Are we on the verge of a bubble burst in China? Maybe, maybe not. But a lot of smart money is betting against China right now. The Masters recommend FXP or YANG, (inverse China ETFs)
Jim Chanos , the well-known short-seller and vocal China bear spoke last month of not finding enough available shares to short some U.S.-listed Chinese companies with questionable accounting practices. Just a week after his interview, a short seller's report on a U.S.-listed Chinese timber company sent its stock tumbling 90%.
The rush of traders making bearish bets on Chinese stocks is the latest evidence of growing trend among smart money: if you're not bearish on China, you're missing the next big trade.
Of course, Chanos has been saying this since 2009 when his analysts studied China's building boom, leading him to call it "Dubai times 1,000." Edward Chancellor at GMO in Boston and independent economist Andy Xie also began predicting that year that China would soon stumble.

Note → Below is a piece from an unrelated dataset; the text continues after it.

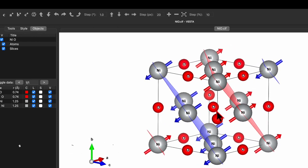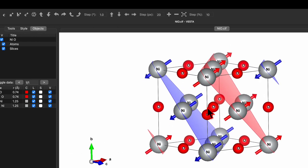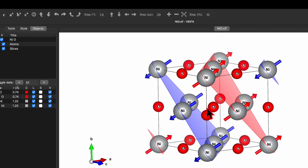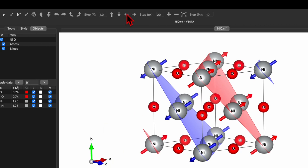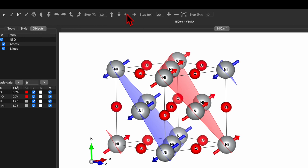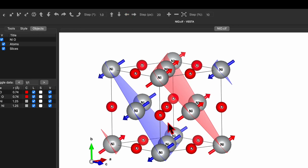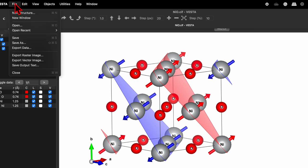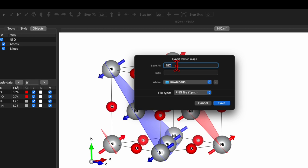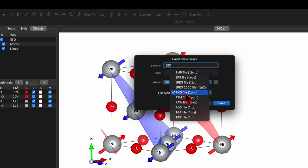It looks beautiful. You can set the position as desired. If you want to include the axes, use the arrow pointing left to add a compass and also the unit cell. Then go to File and click on Export Raster Image.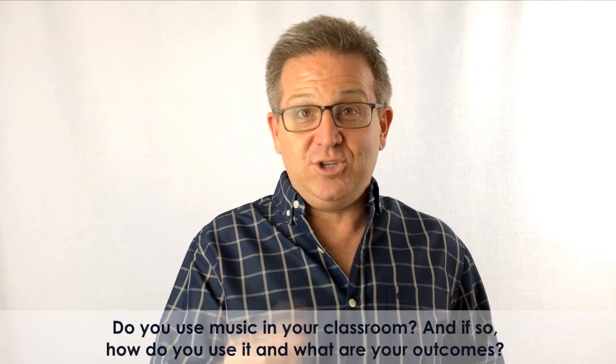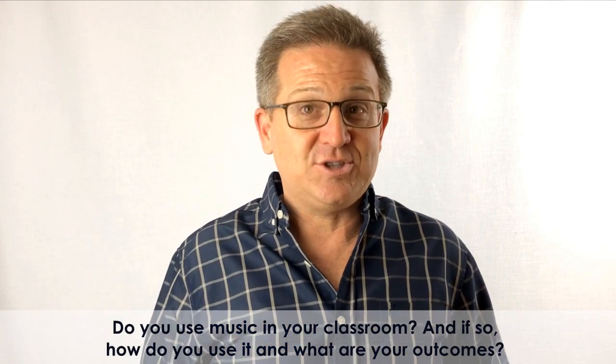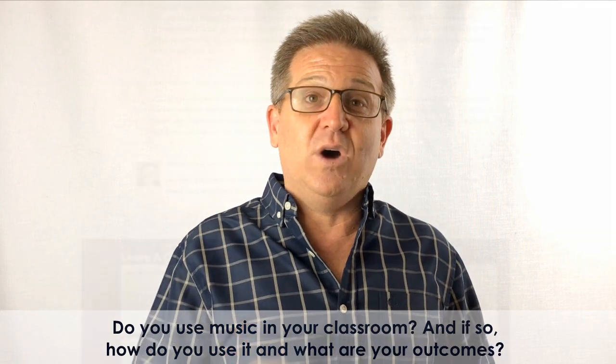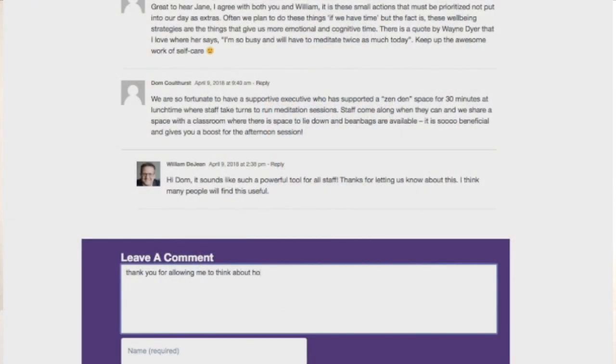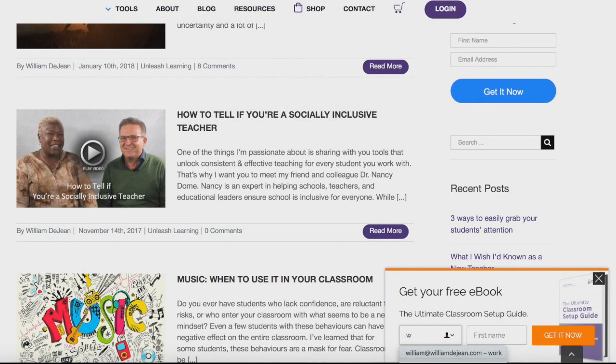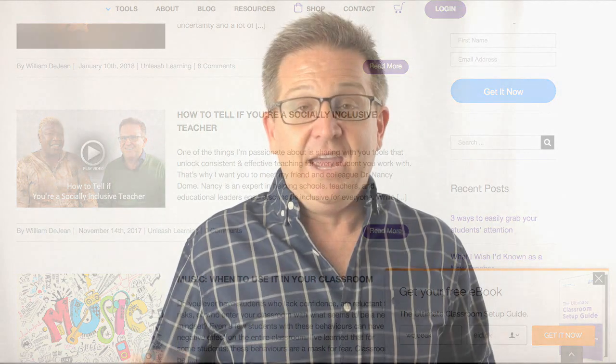As always, we want to hear from you. Do you use music in your classroom, and if so, how do you use it and what are the outcomes you experience? While you're there answering that, make sure to get our ebook, The Ultimate Classroom Setup Guide. There is a chapter in there about how to use music in your classroom and the book will show you exactly how. As always, the entire team is saying thank you for the work you do for this planet — we are cheering you on. See you next time.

But more recently the chorus has been growing. Billionaire George Soros said this month China might be in a small bubble, Hong Kong's outgoing securities regulator called it "the new dot-com," and soothsayer economist Nouriel Roubini recently repeated his thinking that China's government will be powerless to stop a downturn caused by dubious real estate projects and poor fixed-asset investments after 2013.
Mastery Bottom Line
As we have started to uncover fraudulent accounting in China, it's possible that the frauds (or really, fraud discoveries) will turn into what we had after the Internet bubble in the U.S. (Enron, WorldCom, HealthSouth, Global Crossing, etc.). If that's the case, there's a real possibility that the Chinese equity markets have a signficant drop lower.
However, playing with leveraged inverse ETFs like FXP and YANG are risky business. Decide for yourself whether the risk/reward ratio is worth it for your portfolio.